Раскатистое словосочетание «эпическая фэнтези» — привычная приманка-завлекалочка на книжных лотках. Она прицельно воздействует на определенную читательскую категорию — примерно так же, как и давно уже ни к чему не обязывающая характеристика на обложке книги того или иного заморского автора: «Достойный наследник Дж. Р.Р.Толкина».
Сам же термин, конечно, придуман не издателями, а литературоведами. Смысл его, впрочем, всегда был изрядно размыт и чаще всего оказывался синонимом «классической фэнтези» — понятия, кстати, столь же невнятного (в восприятии массового читателя это что-то «в духе Толкина»). В связи с этим английский исследователь Джон Клют в «Энциклопедии фэнтези» с нескрываемой досадой пишет: «К несчастью, термин слишком обильно использовался издателями для характеристики многотомных героических фэнтези, и потому утратил свою целесообразность».
А между тем «эпическая фэнтези» и «фэнтези, героическая» отнюдь не синонимы. Это, конечно же, не означает, что эпике чужды герои (куда же без них!). Но в данном случае деяния отдельного героя — не главное. Во главе эпической фэнтези лежит сотворение постоянно меняющегося «вторичного мира» и его истории. И таким образом эта ветвь жанра теснее связана с мифологией. В этом коренное отличие эпики от героической и авантюрной фэнтези, где мир служит только «подложкой» для приключений и подвигов героев.
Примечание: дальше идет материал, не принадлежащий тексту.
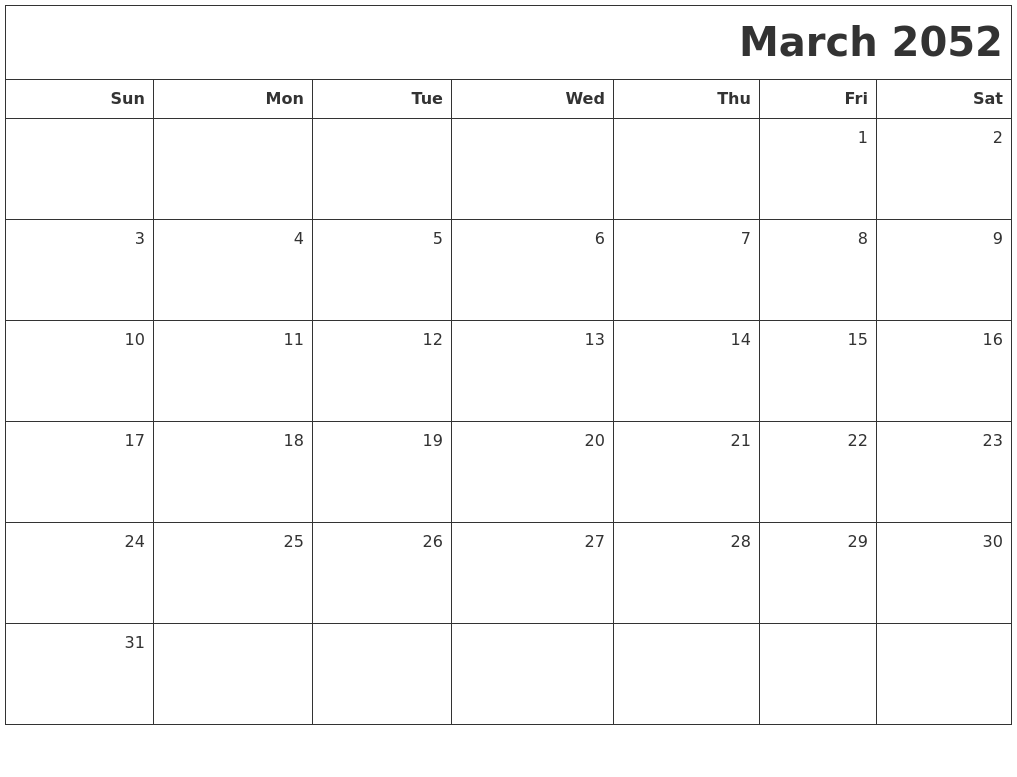 March 2052 Printable Blank Calendar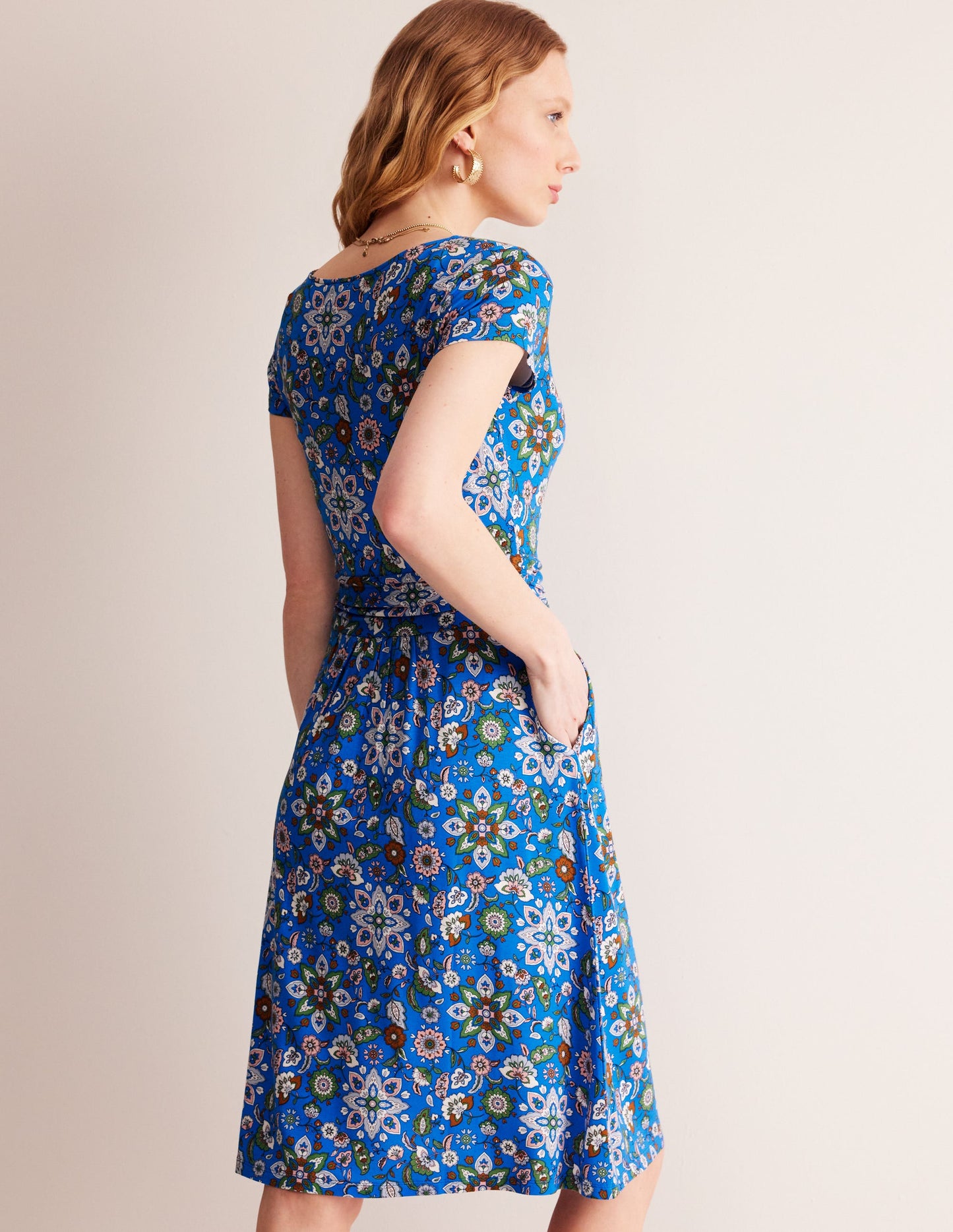 Amelie Jersey Dress-Indigo, Botanical Sprig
Какими бы значительными подобные подвиги ни выглядели, в самом мире-2 они принципиально ничего не изменяют.
Итак, эпическая фэнтези имеет дело с миром, а героико-приключенческая — с героем. Авторы эпики — Гомеры новой эпохи. Им не достаточно одного-двух главных персонажей, на просторах романов-саг они желают управлять судьбами целых народов и государств.
Конечно же, граница, разделяющая понятия «эпическая фэнтези» и «героическая фэнтези», достаточно условна (как и любые другие жанровые границы). Тем более, что оба поджанра вышли из единого источника — из героического эпоса. И подчас они легко перетекают друг в друга. Достаточно выстроить логичную и связную биографию для героя «меча и колдовства» или, еще лучше, связать воедино нескольких героев, и возникает что-то весьма похожее на high и вполне притом epic fantasy. Подобные операции, кстати, частенько проделывали продолжатели говардовских циклов о Конане и Кулле, создавая целую историю «хайборийской эры».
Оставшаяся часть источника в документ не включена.